Andrews-N-Li, exactly, playing a very scary killer.
And then, of course, the most beloved movie of all that everybody agreed was a good movie,
Brady Corbe's Vux Lux.
You've convinced me to call him Brady Corbe, even though now I'm wondering if it's just Corbic.
I think it's Corbett. It's Corbett.
But you're the one who convinced me to call him Corbé, and now you've gone back on.
Years ago. I have since been corrected that it's Corbett.
Insidious is what you are. You are insidious and pernicious. All right.
Brady Corbe Sorbet would have been a great other two.
Brady Sorbet as a Ben and Jerry's flavor?
Mm-hmm. Perfect.
Perfect. I can't believe you got me into saying Brady Corby.
Anyway, Vox Lux, a movie I think we should do soon, because I...
I'm excited to revisit it.
Anyway, what if our May miniseries...
You might do us talk about doing this Venice lineup again.
What if our May miniseries was just Voxlux five times?
I'd be so into it.
Save it for 2025.
Maybe we'll do that.
Okay, so...
What would we even do?
It would just be like us talking about Voxlux for 10 hours,
and we just spread it out.
Well, one whole episode has to be on Natalie's accent, right?
So, like, that's, you know, one entirely.
The other one is the music video.
The other one, I don't know.
We'd figure it out.
I went into a fugue state watching Voxlux because I came out of that movie
truly being like, well, the songs are only, like, five minutes at the end of the movie.
And then you go and you rewatch it, and it's like, it's like 45 minutes of the movie.
It's a concert.
Yes, it is.
And, like, my experience with watching the movie was, like, that was over and done with very quickly.
The fact that Vox Lux was at the same Toronto Film Festival doing its thing as a star is born, the movie where essentially, like, Lady Gaga issues pop stardom for a more folk rock sort of authenticity is really something.
It's like the...
Remember how angry people.
got that Lady Gaga had turned her back on pop and was, is a star as born saying that pop music
is not as authentic as other music. Yeah, I do mean gay people who were, I'm going to say a little
embarrassing about that whole kind of thing. I remember seeing Fox Lux in a half-empty Roy Thompson
Hall. Oh, no. On like a Monday afternoon. Oh, no. Oh, what a, what an environment.
Okay.

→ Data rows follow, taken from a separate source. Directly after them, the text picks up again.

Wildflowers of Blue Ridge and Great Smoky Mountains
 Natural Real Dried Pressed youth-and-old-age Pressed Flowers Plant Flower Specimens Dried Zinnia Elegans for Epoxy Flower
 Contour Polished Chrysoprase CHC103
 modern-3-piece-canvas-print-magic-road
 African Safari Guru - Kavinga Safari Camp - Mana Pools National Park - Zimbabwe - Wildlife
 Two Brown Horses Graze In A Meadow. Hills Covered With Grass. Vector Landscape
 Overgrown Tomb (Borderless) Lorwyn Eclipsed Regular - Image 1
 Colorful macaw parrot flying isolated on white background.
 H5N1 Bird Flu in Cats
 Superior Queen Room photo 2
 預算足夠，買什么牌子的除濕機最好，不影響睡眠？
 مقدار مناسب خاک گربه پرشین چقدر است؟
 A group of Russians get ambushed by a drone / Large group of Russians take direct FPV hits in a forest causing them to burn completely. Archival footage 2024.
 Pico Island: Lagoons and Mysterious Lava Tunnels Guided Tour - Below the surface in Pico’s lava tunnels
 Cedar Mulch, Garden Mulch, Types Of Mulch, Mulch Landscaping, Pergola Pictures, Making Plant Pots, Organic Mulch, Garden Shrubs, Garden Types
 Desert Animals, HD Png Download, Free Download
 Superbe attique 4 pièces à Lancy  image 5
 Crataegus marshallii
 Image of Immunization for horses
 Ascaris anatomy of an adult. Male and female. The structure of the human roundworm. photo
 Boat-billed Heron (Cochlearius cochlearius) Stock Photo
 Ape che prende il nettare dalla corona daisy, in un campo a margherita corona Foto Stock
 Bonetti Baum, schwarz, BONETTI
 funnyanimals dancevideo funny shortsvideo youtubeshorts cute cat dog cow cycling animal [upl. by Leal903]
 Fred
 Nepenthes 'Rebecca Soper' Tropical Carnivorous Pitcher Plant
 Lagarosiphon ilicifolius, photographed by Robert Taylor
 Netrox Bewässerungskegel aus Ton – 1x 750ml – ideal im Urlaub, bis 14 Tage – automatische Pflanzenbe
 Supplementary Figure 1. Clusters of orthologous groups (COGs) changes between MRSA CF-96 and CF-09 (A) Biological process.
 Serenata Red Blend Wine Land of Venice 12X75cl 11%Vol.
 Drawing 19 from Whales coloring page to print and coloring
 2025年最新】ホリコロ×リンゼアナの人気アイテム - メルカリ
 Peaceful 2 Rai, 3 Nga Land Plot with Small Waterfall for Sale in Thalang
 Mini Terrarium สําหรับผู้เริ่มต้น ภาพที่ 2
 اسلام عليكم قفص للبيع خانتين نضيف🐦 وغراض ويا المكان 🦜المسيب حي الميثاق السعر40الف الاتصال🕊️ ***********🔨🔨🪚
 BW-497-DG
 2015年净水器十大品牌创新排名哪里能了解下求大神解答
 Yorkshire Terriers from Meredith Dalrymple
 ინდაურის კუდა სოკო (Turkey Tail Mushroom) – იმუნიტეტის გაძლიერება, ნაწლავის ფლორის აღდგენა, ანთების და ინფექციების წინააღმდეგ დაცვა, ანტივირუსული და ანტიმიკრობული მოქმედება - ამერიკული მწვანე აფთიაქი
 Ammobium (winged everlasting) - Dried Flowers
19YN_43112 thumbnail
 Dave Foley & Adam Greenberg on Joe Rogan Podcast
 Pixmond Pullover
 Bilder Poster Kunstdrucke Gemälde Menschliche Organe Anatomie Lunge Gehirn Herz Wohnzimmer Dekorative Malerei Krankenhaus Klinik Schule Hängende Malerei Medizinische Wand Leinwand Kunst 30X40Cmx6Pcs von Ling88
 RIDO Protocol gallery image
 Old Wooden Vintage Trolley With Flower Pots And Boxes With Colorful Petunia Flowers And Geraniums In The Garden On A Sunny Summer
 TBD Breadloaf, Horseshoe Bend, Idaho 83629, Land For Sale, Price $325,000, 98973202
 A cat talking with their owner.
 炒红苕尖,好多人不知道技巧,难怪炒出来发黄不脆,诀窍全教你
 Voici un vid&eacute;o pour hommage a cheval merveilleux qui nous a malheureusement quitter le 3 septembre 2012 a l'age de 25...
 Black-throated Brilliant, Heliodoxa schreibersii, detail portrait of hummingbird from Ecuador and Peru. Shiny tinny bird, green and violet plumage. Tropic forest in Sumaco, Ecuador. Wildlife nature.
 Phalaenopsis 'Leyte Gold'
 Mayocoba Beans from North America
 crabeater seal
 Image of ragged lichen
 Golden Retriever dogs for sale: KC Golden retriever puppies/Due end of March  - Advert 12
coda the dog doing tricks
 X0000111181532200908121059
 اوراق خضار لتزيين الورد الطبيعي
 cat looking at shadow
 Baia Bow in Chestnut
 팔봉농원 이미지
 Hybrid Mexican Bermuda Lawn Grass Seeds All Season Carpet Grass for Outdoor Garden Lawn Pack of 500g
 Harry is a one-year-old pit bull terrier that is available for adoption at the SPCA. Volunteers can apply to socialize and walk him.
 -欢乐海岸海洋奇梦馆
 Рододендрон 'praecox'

Thoughts on Jacques Odiard, though.
general or in relation to this particular film?
Honestly, a filmmaker who's really hard to pin down.
Yeah.
You know, you really kind of blow the doors off with something like a prophet and you
expect him, it's the type of movie you expect a filmmaker to like make that for the
rest of his career.
And honestly, all of his movies are very, very different.
Also in 2021, he had Paris 13 District, which in, in this.
That year of Cannes made about as little waves as anything else in that competition lineup.
But when you have things like Tatan, Memoria, you know, really kind of going crazy.
I'm curious to see that movie.
I still haven't seen it.
But he's an interesting filmmaker because I don't think he's really easy to pin down while also being, you know, one of the world's greats.
Yeah.
It's kind of really ashamed, though, like the Cesar's gave him.
best director, you know, so he's recognized in France, I guess.
Cesar has fucking loved this guy, like, honestly.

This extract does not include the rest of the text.